What to work on — For this exercise, copy exactly the lines below from the one with "25年风口小红书图文掘金，日" through the one with "Taza Heulinwen para" and leave out the pictures.
[[ Given data open ]]
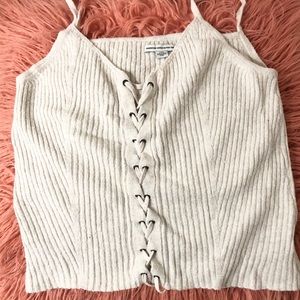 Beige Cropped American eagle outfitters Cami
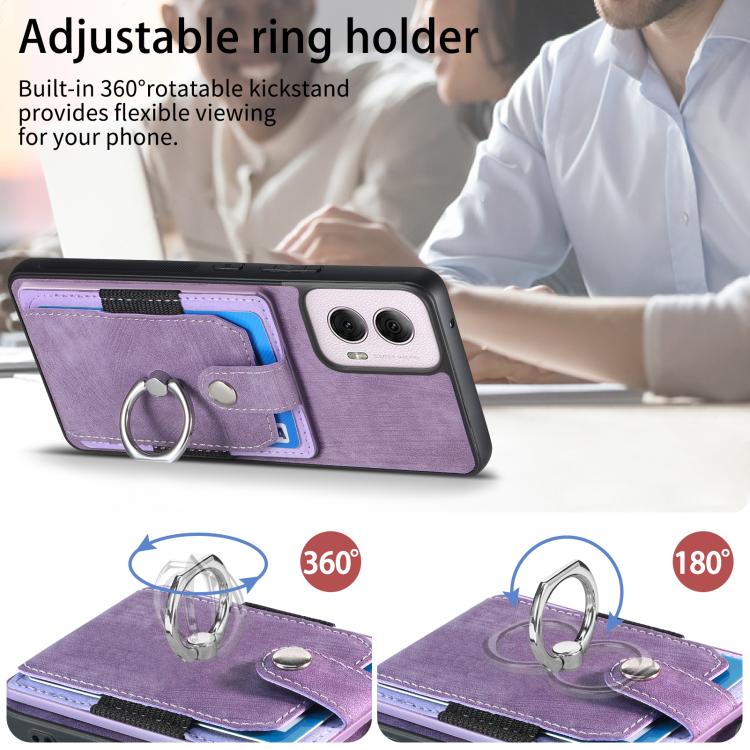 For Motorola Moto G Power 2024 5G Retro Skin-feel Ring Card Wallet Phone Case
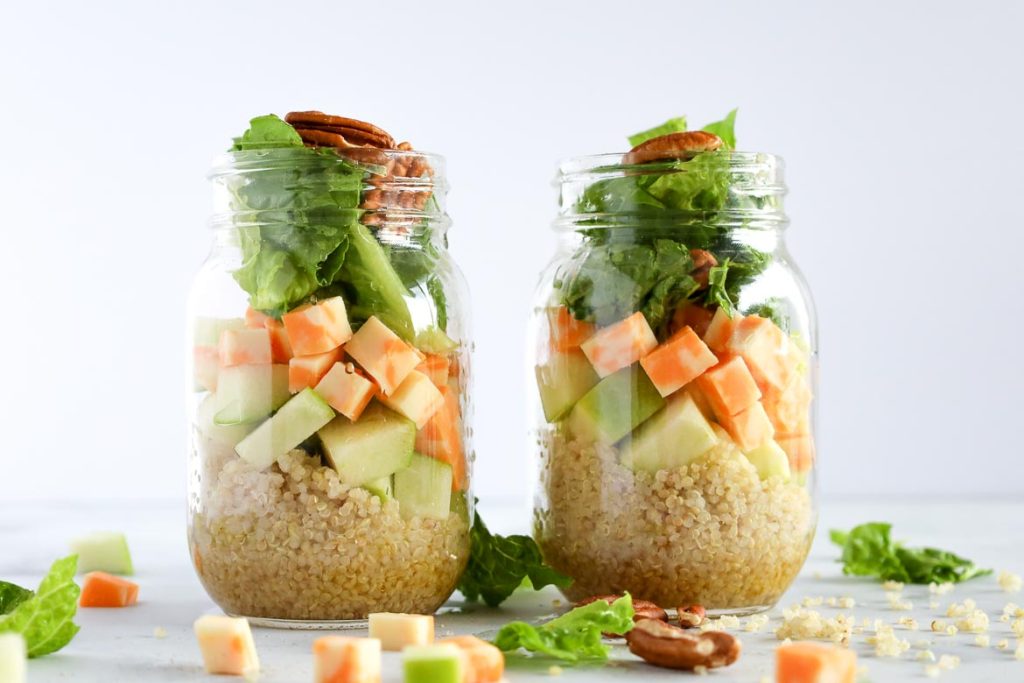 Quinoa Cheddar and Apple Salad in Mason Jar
[[ Given data closed ]]
[[ Given data open ]]
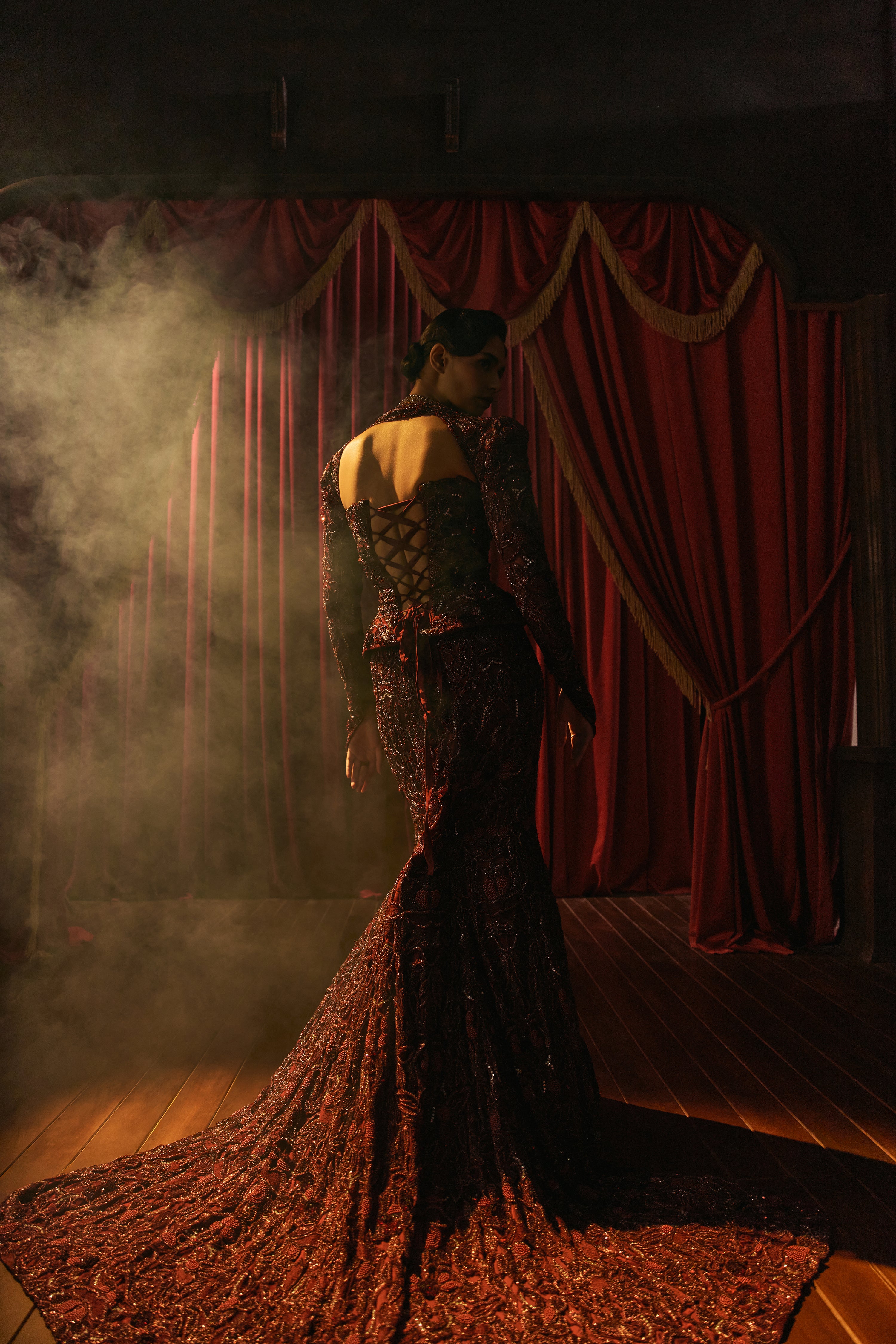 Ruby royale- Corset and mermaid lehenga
[[ Given data closed ]]
[[ Given data open ]]
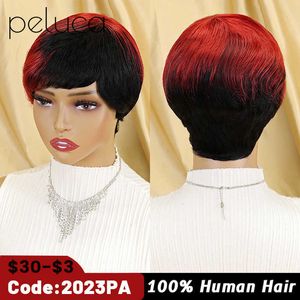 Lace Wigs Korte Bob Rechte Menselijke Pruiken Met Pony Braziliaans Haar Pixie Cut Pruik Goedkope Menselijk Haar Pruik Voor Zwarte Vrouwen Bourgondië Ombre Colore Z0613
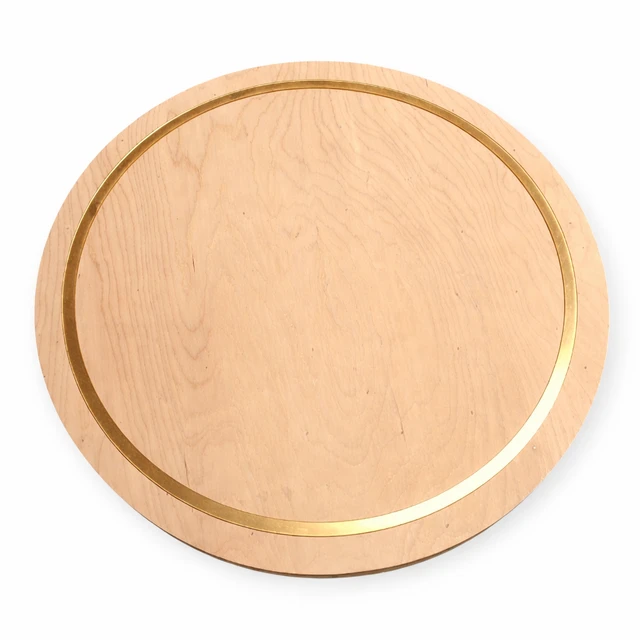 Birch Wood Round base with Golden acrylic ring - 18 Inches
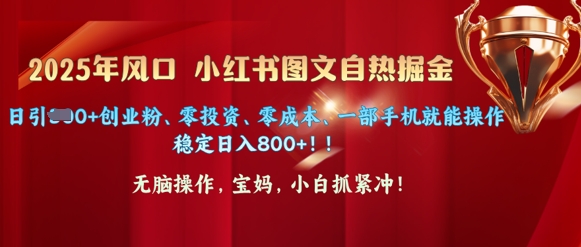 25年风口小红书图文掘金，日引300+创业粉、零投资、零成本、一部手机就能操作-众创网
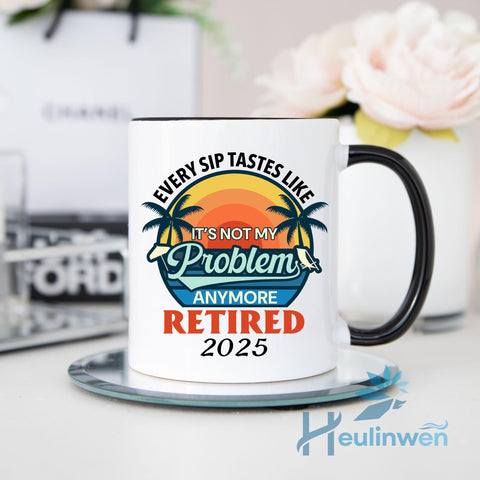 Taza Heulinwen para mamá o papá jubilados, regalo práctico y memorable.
[[ Given data closed ]]
Response for this exercise —
 25年风口小红书图文掘金，日引300+创业粉、零投资、零成本、一部手机就能操作-众创网
 Taza Heulinwen para mamá o papá jubilados, regalo práctico y memorable.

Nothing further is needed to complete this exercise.